結論からいうと、月間データ通信量が小容量であれば格安SIMの方が安いですが、一定量を超えると月間データ通信量無制限で使えるWiMAXギガ放題プランの方が安くなります。以下、両者の比較表で実際にどのくらいの差があるのかみていきましょう。
格安SIMは楽天モバイルのデータSIMプラン、WiMAXは月額業界最安級のBroad WiMAXを例にしています。
Broad WiMAX
ギガ放題プラン |
楽天モバイル
データSIMプラン |
3,411円
※月間データ通信量無制限
|
月間3.1GB:525円
月間5GB:1,450円 月間10GB:2,260円 月間20GB:4,050円 月間30GB:5,450円 |
※2017年8月時点
いかがでしょうか。最初に述べた通り月間数GB程度の小容量では格安SIMの方が安価ですが、今回のケースでは月間20GBを超えるとBroad WiMAXの方が安いです。その上、Broad WiMAXは月間20GB~30GB以上使ったとしても料金はかわりませんから、そのコストパフォーマンスの高さが分かりますね。
ちなみに楽天モバイルでは、契約した容量を超えて高速なモバイル通信を行いたい場合、980円/GBなどでデータ通信量を追加購入する必要があり、結果的に記載した金額より高くなることもあります。
仮に楽天モバイルの月間30GBのプランと比較すると、Broad WiMAXギガ放題プランの方が月額2,000円以上も安いです。これを年間に直すと約24,000円。決して馬鹿にできる金額ではありませんね。
料金面以外のWiMAX・格安SIMの比較
モバイルWi-Fiルーターを使うサービスをえらぶ場合は、料金以外のポイントも比較したいところ。
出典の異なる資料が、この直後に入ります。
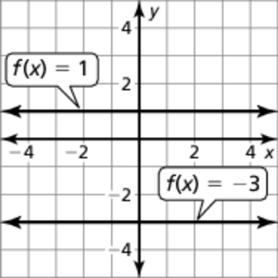 . The graph of f is a translation units left of the graph of the parent quadratic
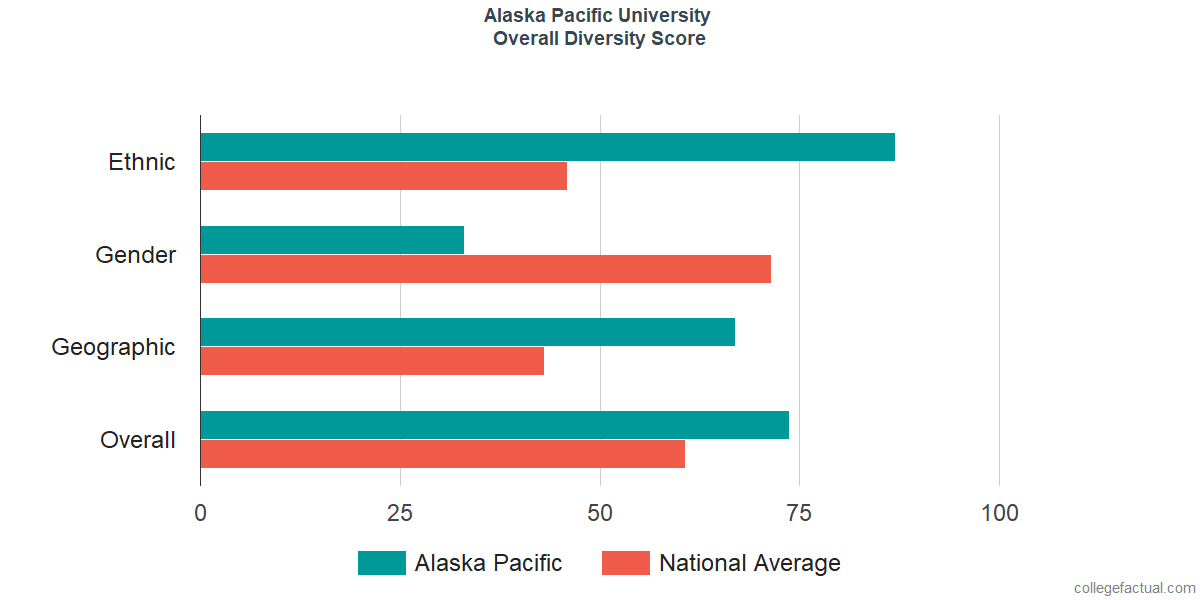 Overall Diversity at Alaska Pacific University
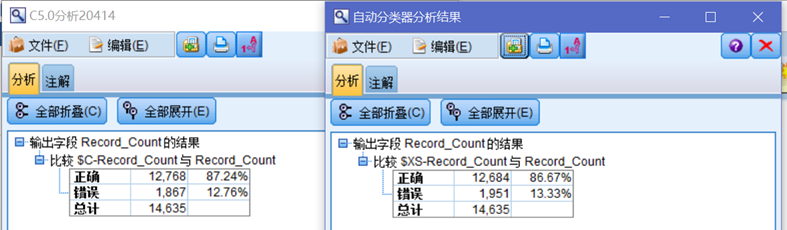 用SPSS Modeler-对电商的重购买家特征挖掘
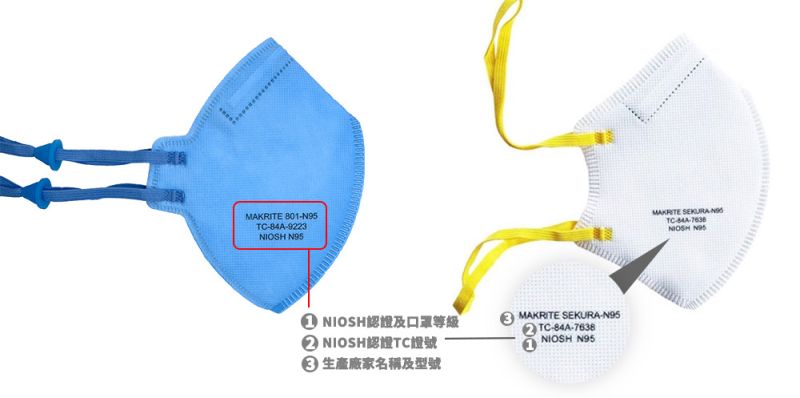 ▲選用N95口罩注意三大要素NIOSH、TC證號、生產廠家名稱及型號（左），美國與日本熱銷N95口罩SEKURA-N95（右）。（圖／品牌提供）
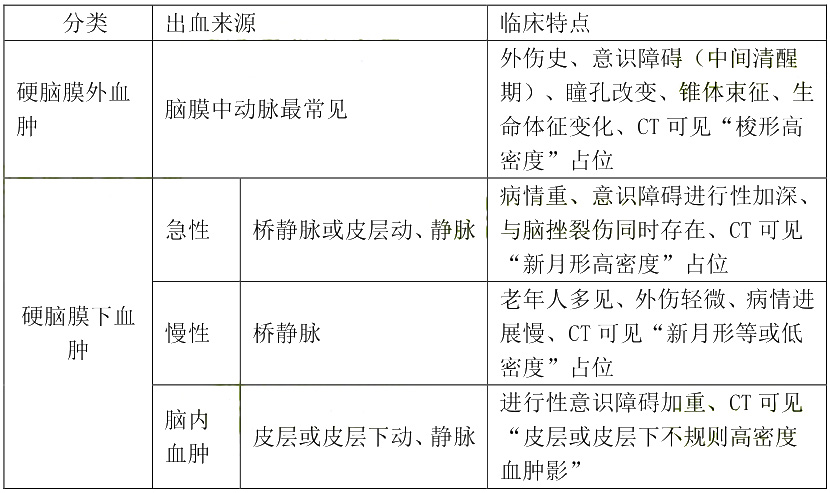 脑损伤及护理(图1)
そこでここでは、通信速度やつながりやすさなど、料金以外の点でWiMAXと格安SIMを比較してみましょう。
WiMAX | 格安SIM | |
通信速度 | ◎ | △ |
つながりやすさ | 〇 | ◎ |
080/090による音声通話 | × | 〇 |
最低利用期間
(契約期間) |
2年間の契約期間あり | データSIMならほとんどのプロバイダで最低利用期間なし
(音声SIMは6ヵ月) |
【比較1】通信速度に関して
格安SIMはえらぶプロバイダによって大きな差がありますが、常時数Mbps~10Mbps程度のことが多いようです。混雑するランチタイムや夜間帯は通信速度が遅くなり、1Mbps未満になることも稀ではありません。
たいしてWiMAX2+は、格安SIMのようにプロバイダ毎に通信速度の差が生じることはないので安心です。電波状況に問題がなければ数十Mbps~100Mbps超を記録することもある上に、時間帯によって通信速度が極端に落ちることも少ないです。(わたしが利用する限りはほぼ皆無)
通信速度ではWiMAXに軍配が上がります。
【比較2】つながりやすさについて
格安SIMが利用しているLTE回線はWiMAXと比較すると低い周波数帯の電波を使っている関係で、障害物をすり抜けられる力が強く、つながりやすいと言われます。そのため地下街や建物の奥まった場所で仮にWiMAXがつながらなくても、LTEなら電波が届くということがあります。
また提供エリアの広さをみても、市街地ではWiMAX・LTE共に差はないものの、郊外へいくと対応する地域が多いのはLTEです。この点で軍配があがるのはLTEです。
WiMAXの契約でもLTE回線が使える
月間7GBまでですが、WiMAXでも対応機種を使えばLTEによる高速通信が可能です。そのためWiMAXの電波が届かない場所でもLTEによる通信が行なえて便利。ただしLTEによる通信を1度でも行った月は1,000円/月が加算される点と、LTE回線が使えるハイスピードエリアプラスモードで月間7GBのデータ通信量を消費した場合、月末まで速度制限が実施され通信速度が最大128Kbpsとなる点は注意しなければなりません。
なお対応のプロバイダでは、3年契約にすることで1,000円/月を無料とすることができます。LTEによる通信が必要となるような郊外や、電波状況のよくない場所でインターネット接続する必要が頻繁にある場合は、3年契約を検討するとよいでしょう。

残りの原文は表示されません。